Die Rallye Monte Carlo gilt als Grundstein des heutigen Rallyesports. Die erste Ausgabe startete im Jahr 1911. Besonders die sogenannte Nacht der langen Messer mit packenden Duellen und Aufholjagden über den eisigen Pass Col de Turini prägte die Rallye. Viele Fans erinnern sich als Erstes an Walter Röhrls vier Siege mit vier verschiedenen Automarken (Fiat, Opel, Lancia und Audi). Doch lange vor Röhrls starken Rallye-Jahren spielten sich schon Geschichten ab, die nicht weniger spannend waren.
So etwa in den Jahren 1964 und 1965. Das war die starke Zeit der kleinen Kampfzwerge – der Minis. 1964 setzte sich der Mini Cooper S mit deutlich weniger Leistung und unter widrigsten Wetterbedingungen gegen die Konkurrenz durch. Während stärkere Fahrzeuge am verschneiten Col de Turini mit Traktionsproblemen zu kämpfen hatten, setzte sich der kleinere und leichtere Mini an die Spitze und gewann zum ersten Mal die Monte. Ein Jahr später wiederholten Timo Mäkinen und Beifahrer Paul Easter diesen Erfolg.
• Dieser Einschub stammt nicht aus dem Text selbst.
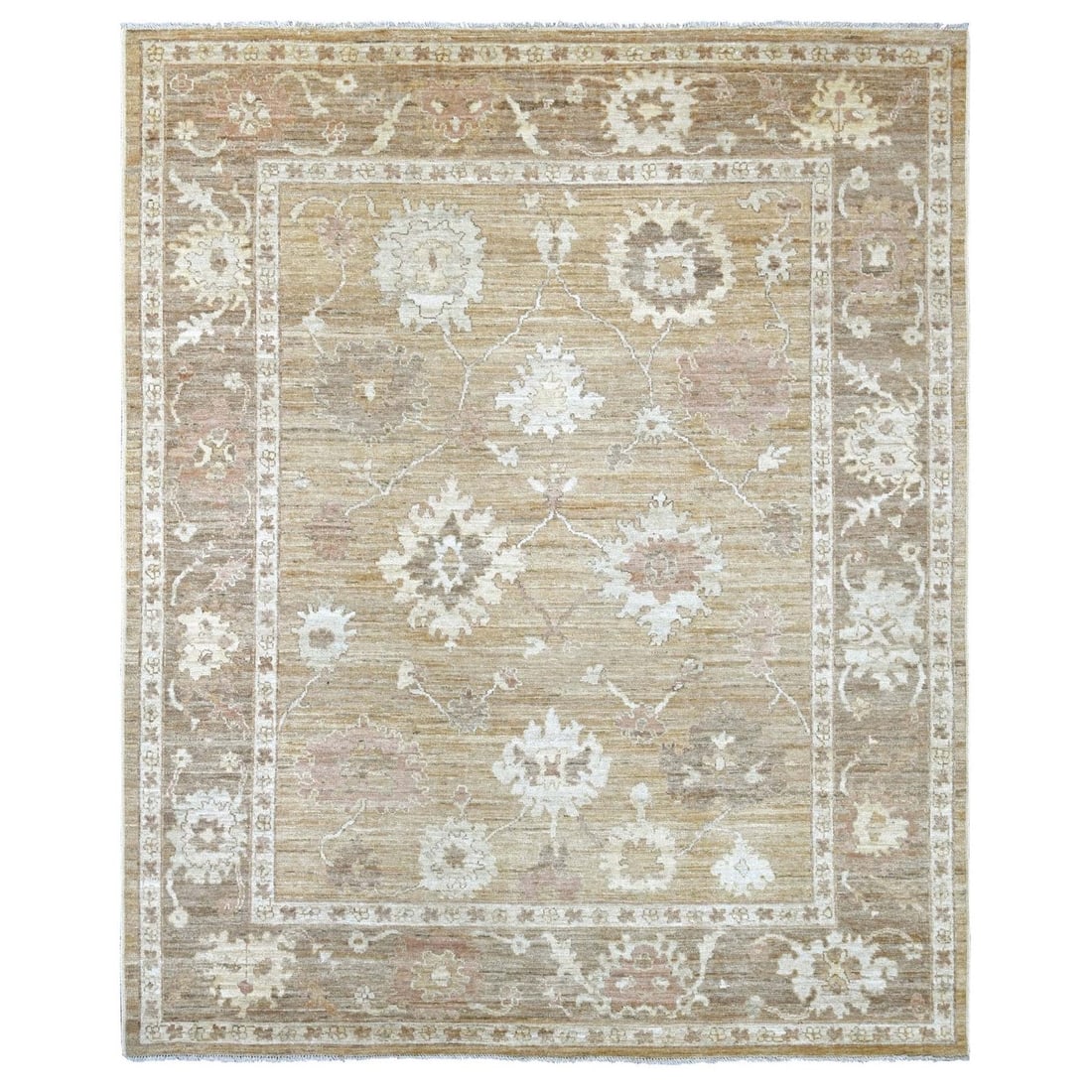 8'2"x9'10" Brown Afghan Angora Oushak Leaf Design Hand Knotted Wool Rug: 8'2"x9'10" Brown Afghan Angora Oushak Leaf Design Hand Knotted Wool Rug This stunning 8'2"x9'10" Brown Afghan Angora Oushak Leaf Design Hand Knotted Wool Rug boasts a beautiful floral pattern and a ri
Sonderedition mit Rallye-Geschichte
Heute widmet Mini diesem Sieg eine neue Sonderedition. Die Mini 1965 Victory Edition ist für die Modelle John Cooper Works, John Cooper Works Electric und den Cooper S erhältlich. Der Hersteller lackiert die Sonderedition in auffälligem Chili-Red. Eine ähnliche Farbe hatte auch das Siegerfahrzeug von 1965. Dazu kommt ein weißer Zierstreifen, der von der Motorhaube über das Dach bis zum Heck reicht und soll dem Kleinwagen optisch Sportlichkeit verleihen. Die große weiße Ziffer "52” auf den Seiten des Minis soll den Bogen zur damaligen Startnummer spannen. Das Dach ist in Glaced White farblich abgesetzt. Optional ist es auch als Panorama-Glasdach erhältlich.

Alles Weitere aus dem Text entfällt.